TASK BRIEF: Find the line that contains "Chapeaux de cowboy" in the records below, then repeat exactly that line and each one after it, leaving pictures out.

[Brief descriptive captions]
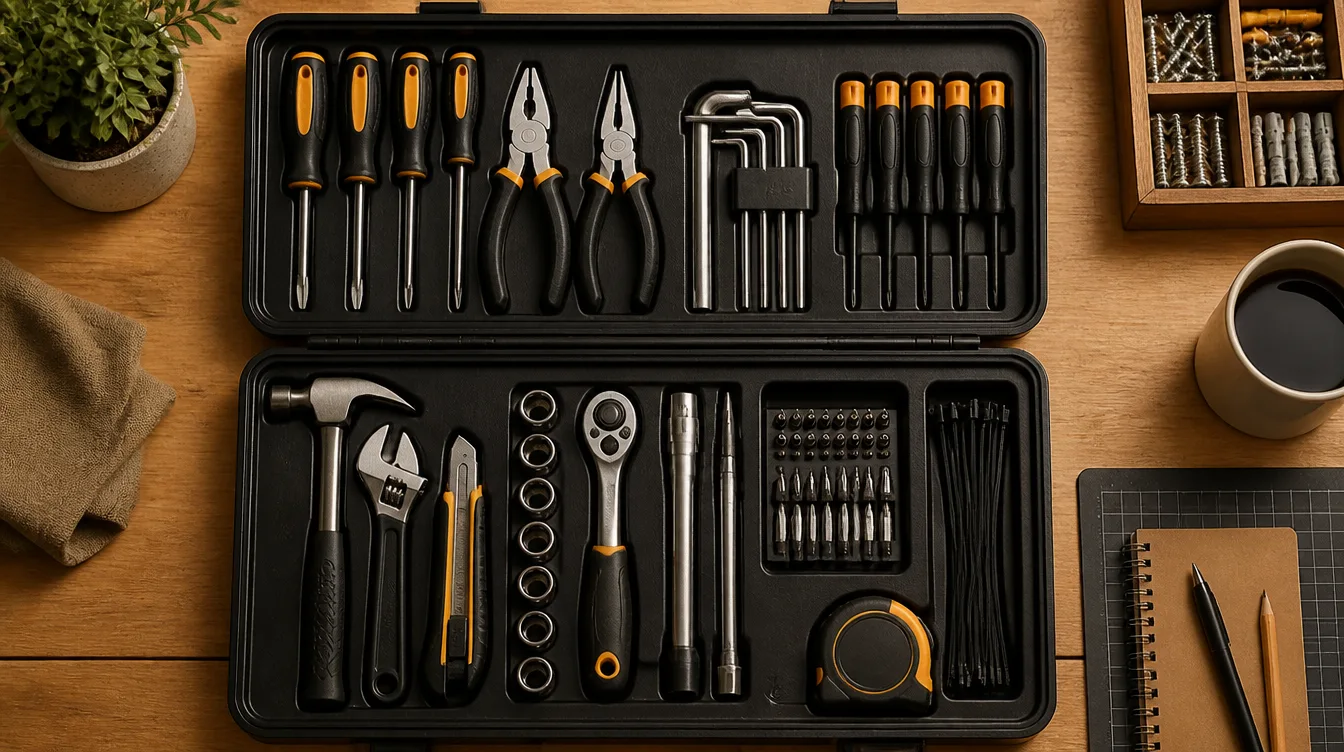 A tidy, well-organised toolbox open on a clean workbench.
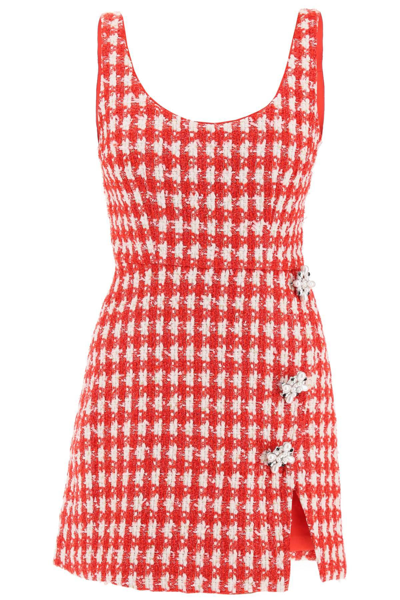 Self-portrait Check Boucle Mini Dress In Mixed Colours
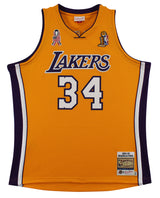 Shaquille O'Neal "4x Insc" Signed Yellow 00-02 M&N HWC Authentic Jersey BAS Wit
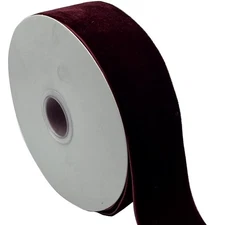10 Yards Burgundy Velvet Ribbon Spool(Wine, 1 1/2")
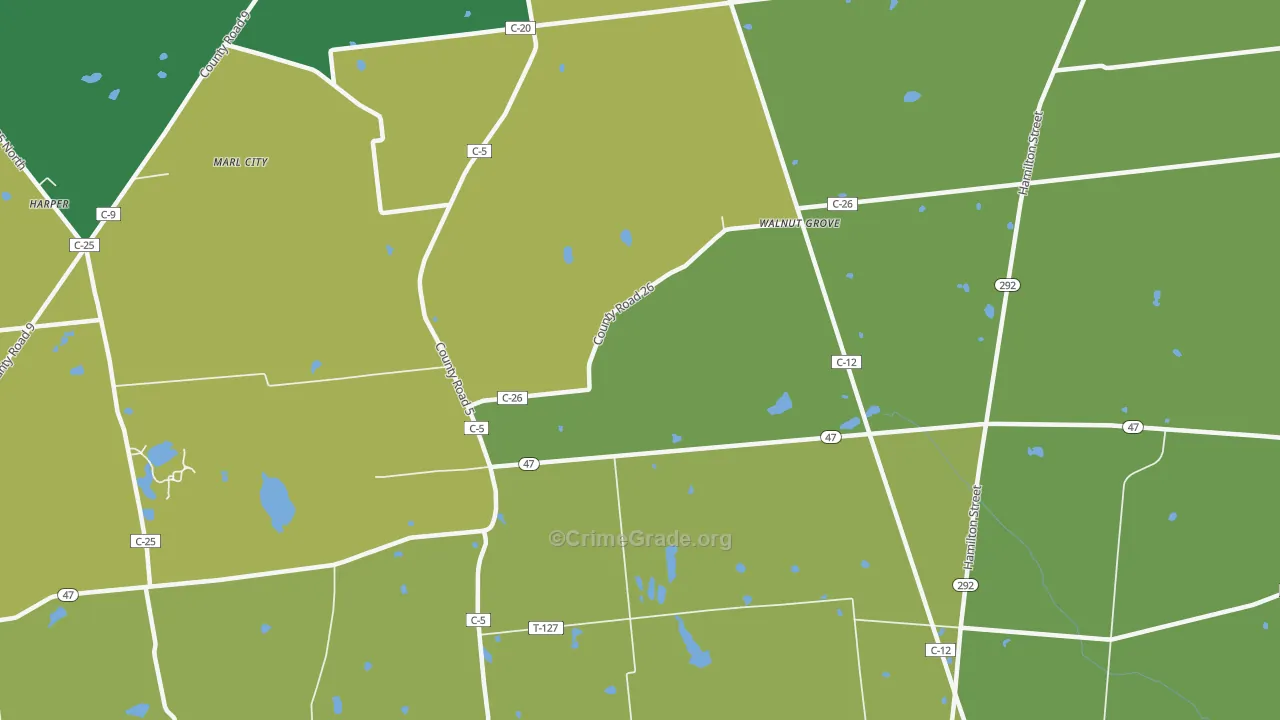 Walnut Grove, OH Map of Theft Rates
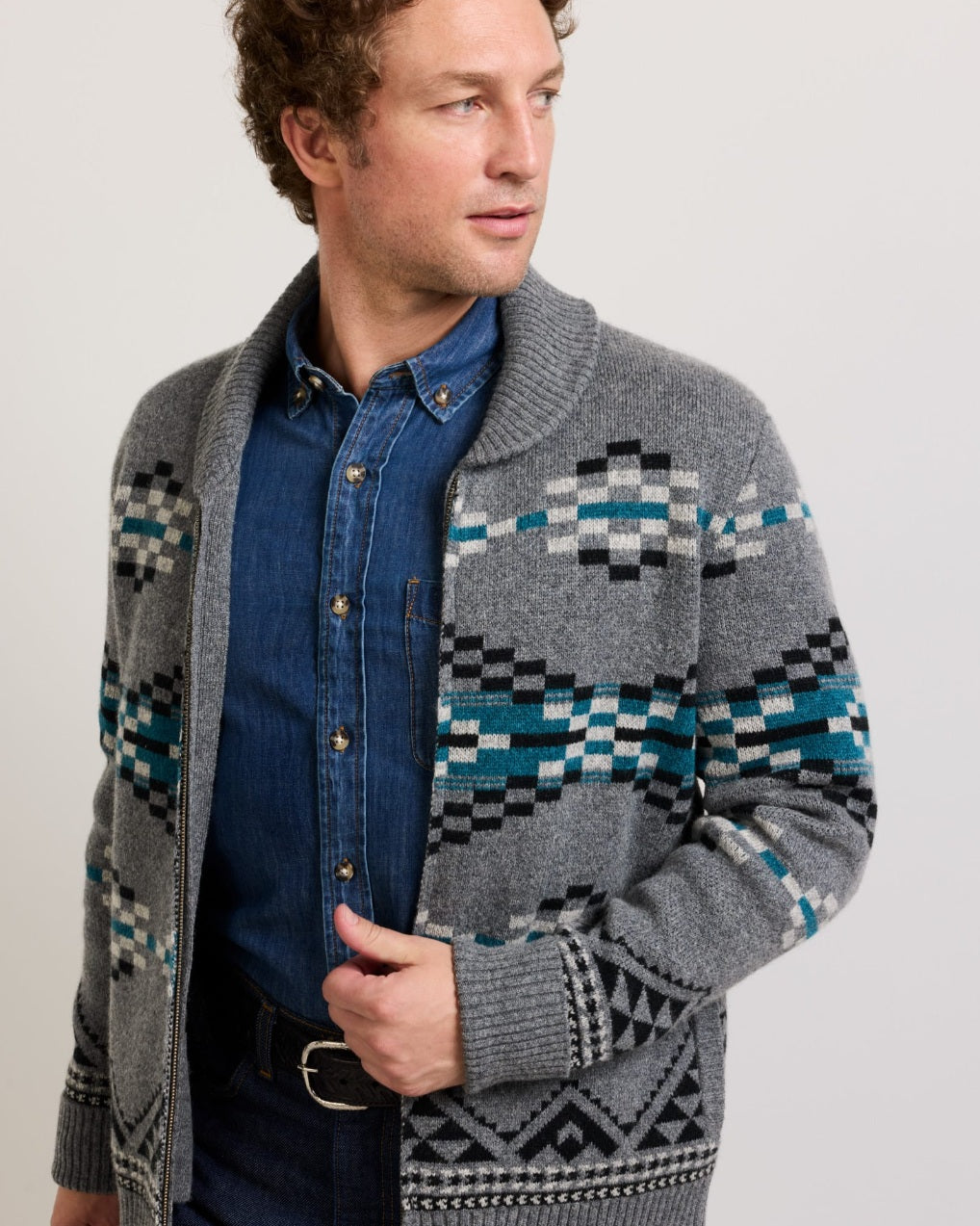 MEN'S LOST TRAIL LAMBSWOOL ZIP CARDIGAN<br>CHARCOAL
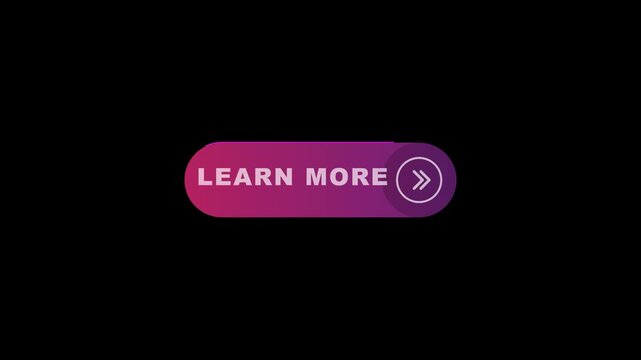 Learn More Button Animation with Gradient Colors on Black Background.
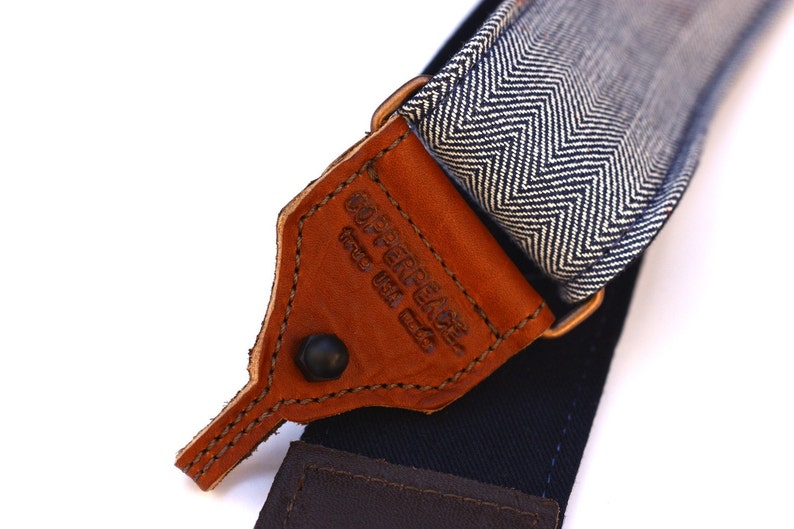 Herringbone Blue Denim and Brown Leather BANJO Strap image 7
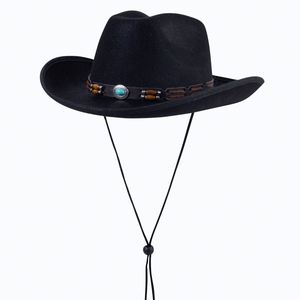 Chapeaux de cowboy en feutre mexicain avec perles en bois et logo personnalisé, style occidental violet pour femmes, mode européenne et américaine, vente en gros - Product Image 2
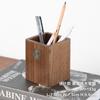 Portaplumas de Madera Maciza de Nogal Negro Más Vendido Transfronterizo, Inserto de Pluma Cuadrado de Madera Natural Creativo, Caja de Almacenamiento Vertical para Escritorio, Venta al por Mayor de Papelería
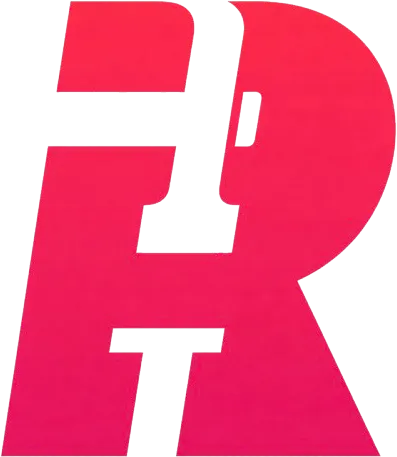 Vaaleanpunainen, tyylitelty kirjainyhdistelmä "FR", jossa on moderni ja dynaaminen muotoilu.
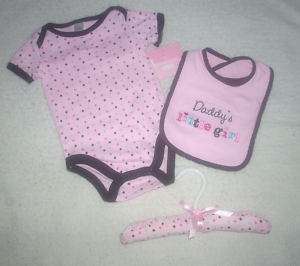NEW Daddys Little Girl Outfit, includes Bib & Hanger  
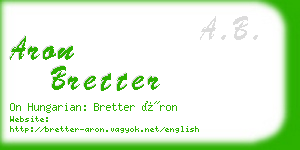 aron bretter business card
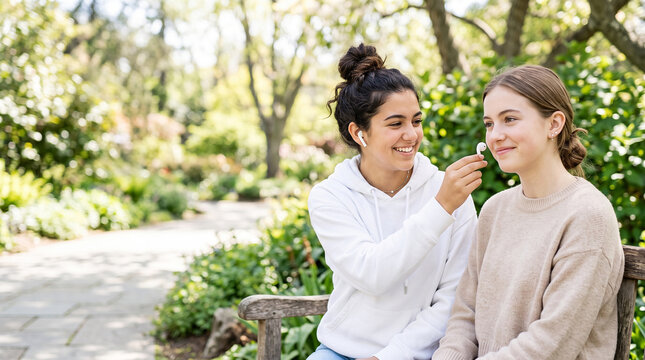 Young woman sharing earbud with sad friend during supportive outdoor friendship moment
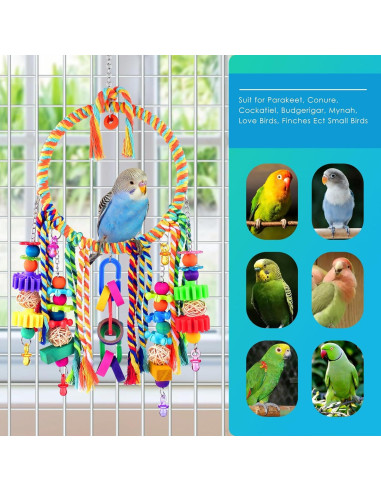Columpio para Aves KATUMO con Juguetes Coloridos 17cm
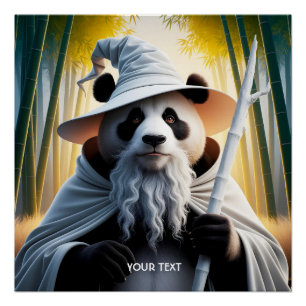Póster Fantasy Cute Old Panda Wizard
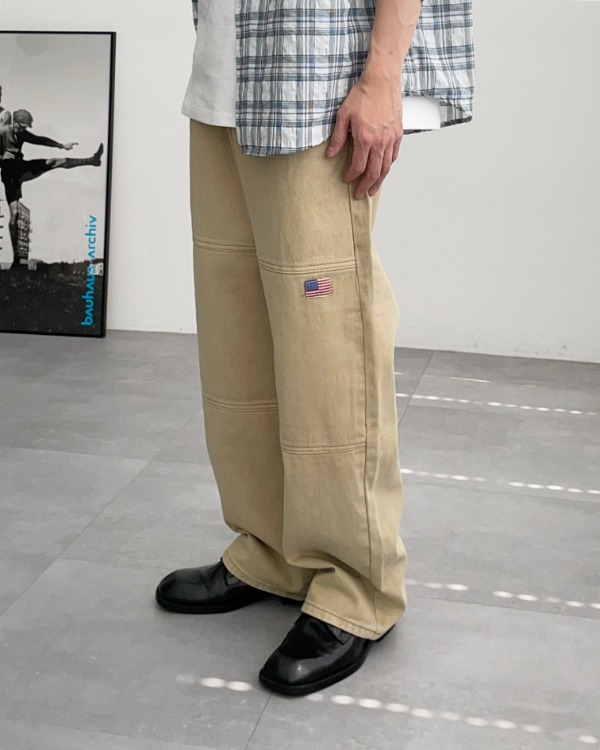 Patch Dying Work Pants (3color)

SOLVED PROBLEM:
 Chapeaux de cowboy en feutre mexicain avec perles en bois et logo personnalisé, style occidental violet pour femmes, mode européenne et américaine, vente en gros - Product Image 2
 Portaplumas de Madera Maciza de Nogal Negro Más Vendido Transfronterizo, Inserto de Pluma Cuadrado de Madera Natural Creativo, Caja de Almacenamiento Vertical para Escritorio, Venta al por Mayor de Papelería
 Vaaleanpunainen, tyylitelty kirjainyhdistelmä "FR", jossa on moderni ja dynaaminen muotoilu.
NEW Daddys Little Girl Outfit, includes Bib & Hanger  
 aron bretter business card
 Young woman sharing earbud with sad friend during supportive outdoor friendship moment
Columpio para Aves KATUMO con Juguetes Coloridos 17cm
Póster Fantasy Cute Old Panda Wizard
 Patch Dying Work Pants (3color)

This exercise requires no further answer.